__Work to complete__.
In full and exactly, reproduce the entries below, but omit the pictures.

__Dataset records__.
-=-=-

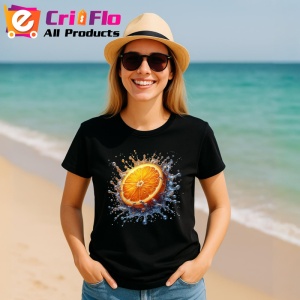 Tricou Portocala si explozie de culoare, Fructe, Copii | Dama, culoare negru - Img 11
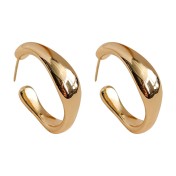 HELN124100008 高級感極簡幾何素圈設計感耳環法式簡約金屬感亮面百搭耳飾耳釘女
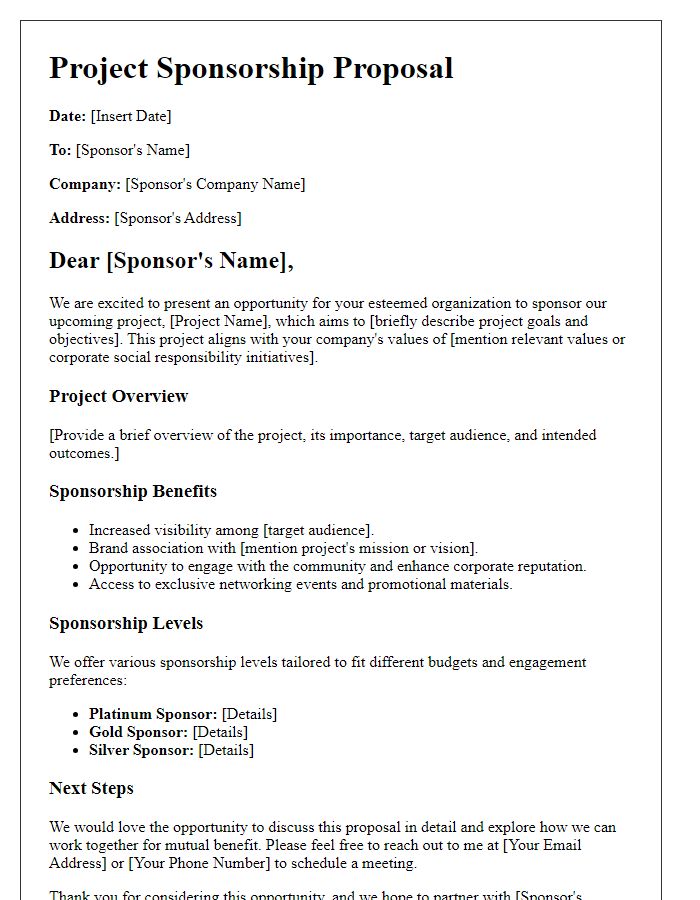 Letter template of project sponsorship value proposition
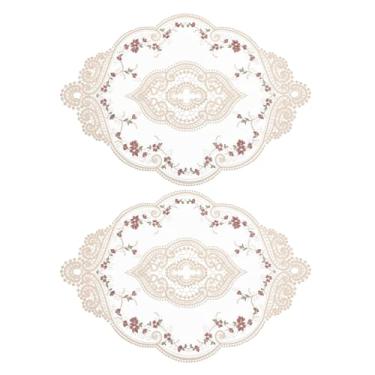 Imagem de Jogo americano retrô de renda 30,5 x 43,2 cm, oval, bordado, tapetes de mesa de crochê francês, porta-copos para casa, casamento, bege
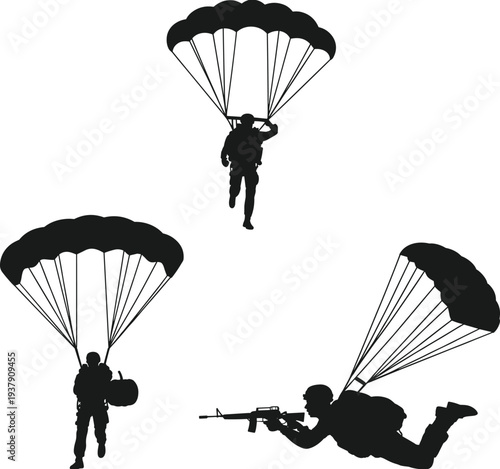 Military paratrooper silhouette parachuting with weapon airborne army soldier tactical airborne operation combat mission concept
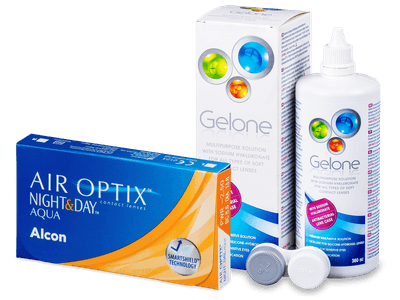 Air Optix Night and Day Aqua (6 lentillas) + Líquido Gelone 360ml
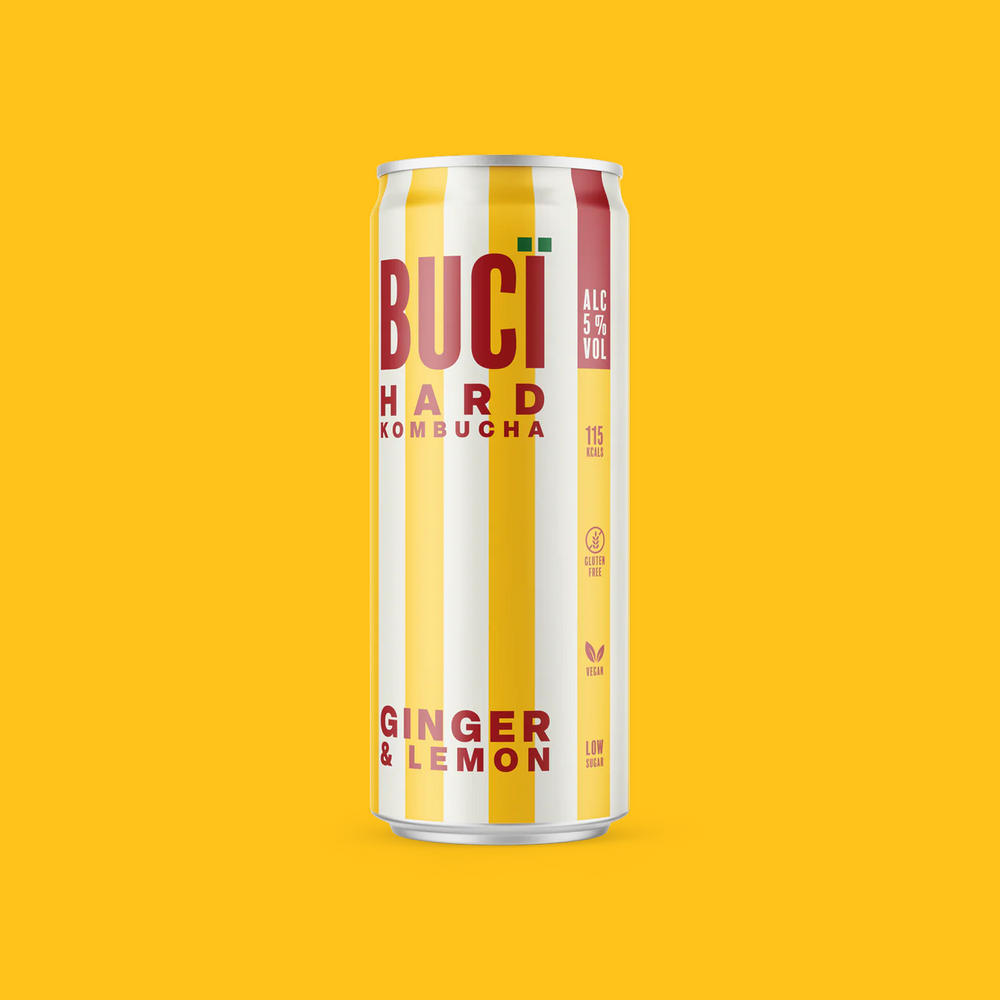 Ginger & Lemon Hard Kombucha - 12 x 330ml Cans | 5% ABV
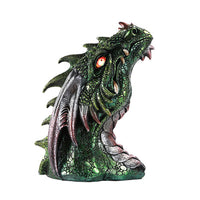 Medieval Times Green Dragon Wall Plaque With LED Illuminated Eyes Sculpture Plaque Home Decor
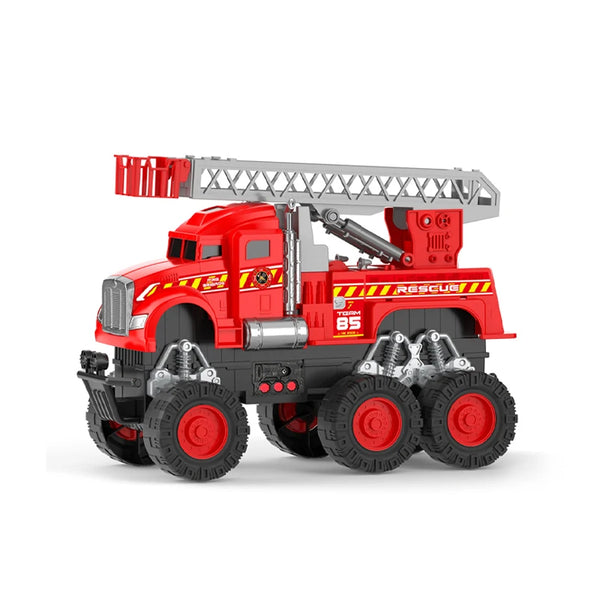 Friction Powered Simulation Fire Truck Toy with movable ladder and realistic design in red color.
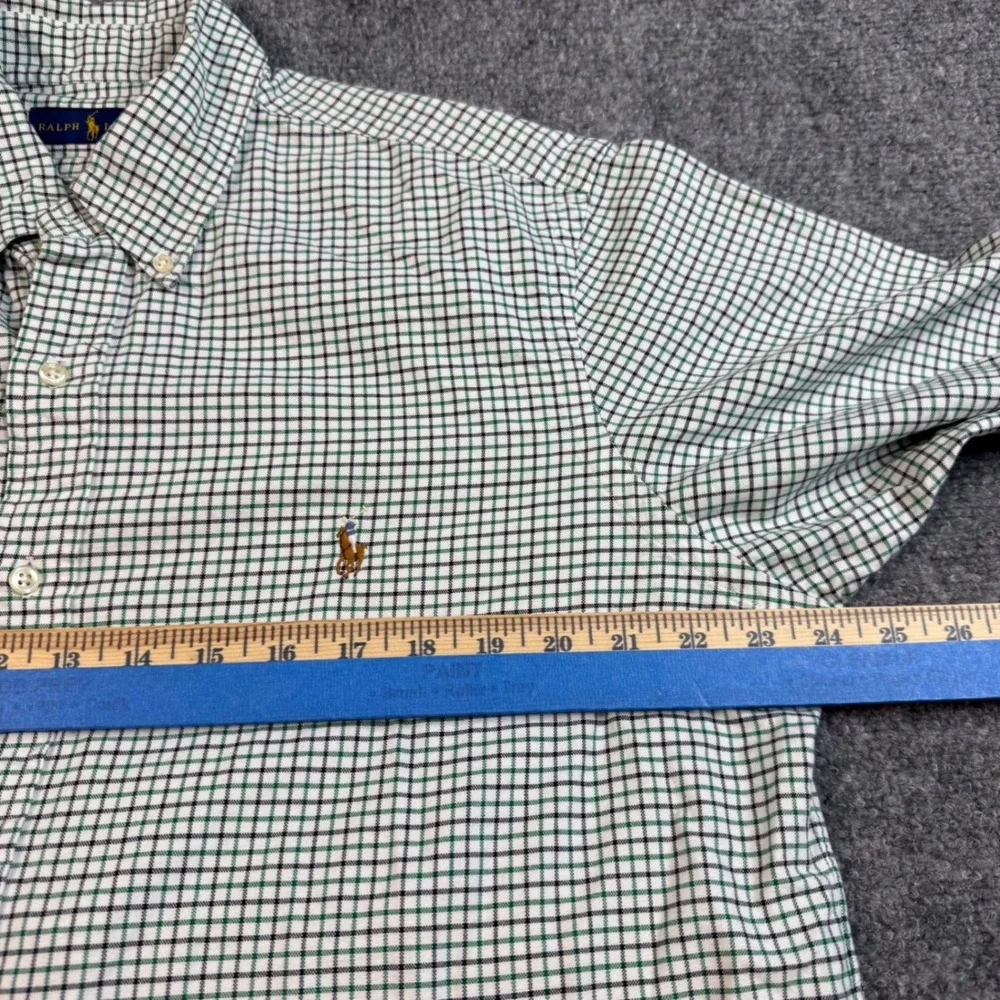 Polo Ralph Lauren Button Down Shirt Mens Large Green White Tattersall Check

-=-=-

__Answer to this exercise__.
 Tricou Portocala si explozie de culoare, Fructe, Copii | Dama, culoare negru - Img 11
 HELN124100008 高級感極簡幾何素圈設計感耳環法式簡約金屬感亮面百搭耳飾耳釘女
 Letter template of project sponsorship value proposition
 Imagem de Jogo americano retrô de renda 30,5 x 43,2 cm, oval, bordado, tapetes de mesa de crochê francês, porta-copos para casa, casamento, bege
 Military paratrooper silhouette parachuting with weapon airborne army soldier tactical airborne operation combat mission concept
 Air Optix Night and Day Aqua (6 lentillas) + Líquido Gelone 360ml
 Ginger & Lemon Hard Kombucha - 12 x 330ml Cans | 5% ABV
 Medieval Times Green Dragon Wall Plaque With LED Illuminated Eyes Sculpture Plaque Home Decor
 Friction Powered Simulation Fire Truck Toy with movable ladder and realistic design in red color.
 Polo Ralph Lauren Button Down Shirt Mens Large Green White Tattersall Check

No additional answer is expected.